Ainda mais críticos para PCHs/CGHs são os diferentes benefícios fiscais e tributários e os programas de incentivo regional que privilegiam mais outras fontes renováveis. Eólicas e solares possuem isenções e incentivos em maior proporção em tributos como Imposto sobre Produtos Industrializados (IPI), Imposto sobre Circulação de Mercadorias e Serviços (ICMS) e Imposto de Importação (II), benefícios ainda mais significativos ao se considerar a participação do custo de equipamentos, no qual esses impostos incidem, no investimento total de usinas desse tipo. Além desses, programas de desenvolvimento regional como a SUDENE (Superintendência de Desenvolvimento do Nordeste) e a SUDAM (Superintendência do Desenvolvimento da Amazônia), que buscam promover o desenvolvimento econômico pela concessão de uma série de benefícios aos investimentos nessas regiões, como a isenção de Imposto sobre Operações Financeiras (IOF) em equipamentos e a redução no Imposto de Renda, contribuem para aumentar distorções entre as fontes.
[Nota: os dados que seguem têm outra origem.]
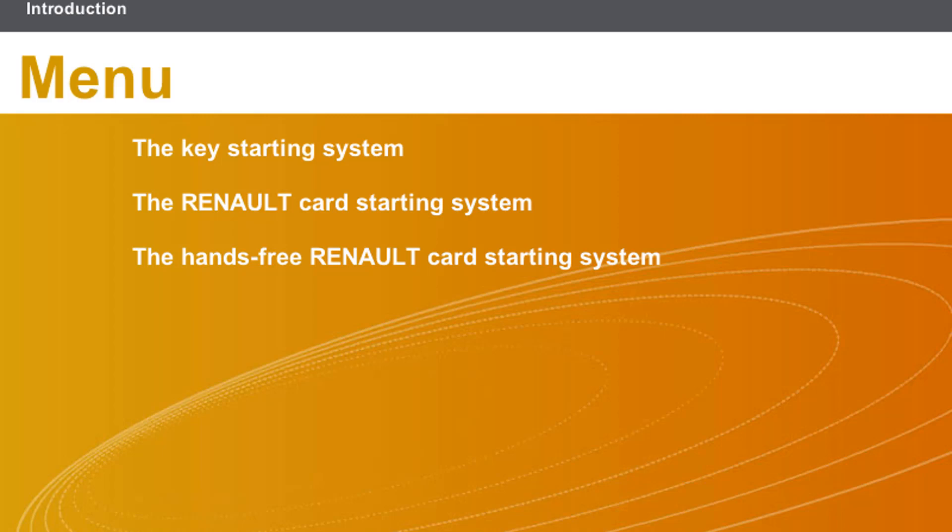This lesson will cover the following topics: the key starting system, the Renault card starting system, and the hands-free Renault card starting system.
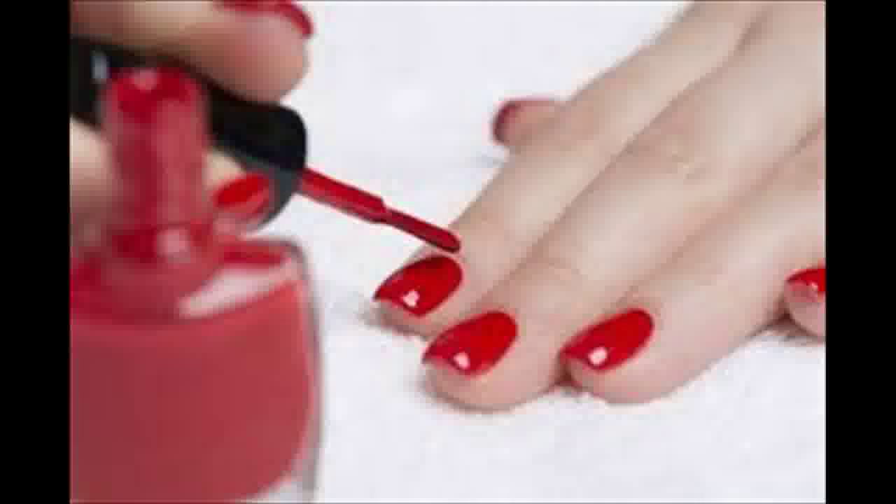Replace the lid and shake the nail polish well. Wait 15 to 20 minutes before using.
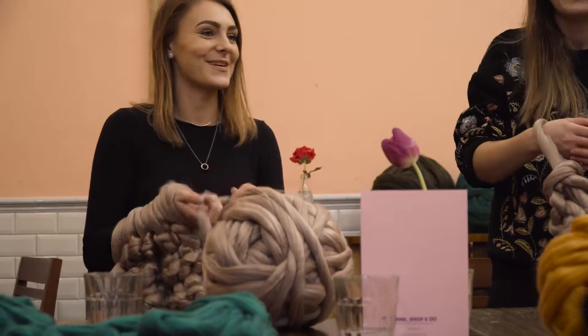My top tip if you're going to come to the workshop is to wear comfortable clothing and make sure you don't have anything that might stick to the arm, like jewellery, because it can be a bit of a nightmare.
As PCHs/CGHs são fontes com atributos especiais e distintos das demais fontes que na nossa visão não estão sendo remunerados adequadamente e que merecem ser valorizados pela sua importância para o sistema elétrico nacional. Dentre os aspectos da sua geração, destaca-se o perfil de geração de energia renovável não intermitente. Isso significa que as PCHs/CGHs são capazes de sustentar a sazonalidade da própria demanda. E por possuírem um fator de capacidade médio comparativamente elevado, com produção efetiva em cerca de 60% da sua potência máxima de geração, promovem melhor utilização do sistema de transmissão interligado. Além disso, têm perfil de geração distribuída, próxima aos pontos de carga, de maneira a reduzir as perdas de energia no Sistema Integrado Nacional (SIN) e de evitar ou postergar a utilização de linhas de transmissão e subestações. São, ainda, despacháveis em curto período, o que facilita o atendimento da demanda em horário de ponta. Tais atributos da geração de energia são associados a menores custos alocados ao SIN promovendo, consequentemente, menores tarifas de energia elétrica pagas pelo consumidor final.

Apesar disso, o tempo autorizado no Brasil para a concessão dessas usinas foi estabelecido em apenas 30 anos, em grande contraste ao seu elevado tempo real de operação. Mesmo existindo a possibilidade de renovação dessa concessão por mais 30 anos após o final do primeiro período, a não aderência das concessões à realidade de operação das usinas hidrelétricas têm impacto na viabilidade desses empreendimentos, se tornando mais um desafio à sua competitividade. Assim, o período de autorização prolongado de concessão se evidencia como uma importante opção, a qual países vizinhos como Chile e Colômbia já aderiram ao implementarem a autorização perpétua.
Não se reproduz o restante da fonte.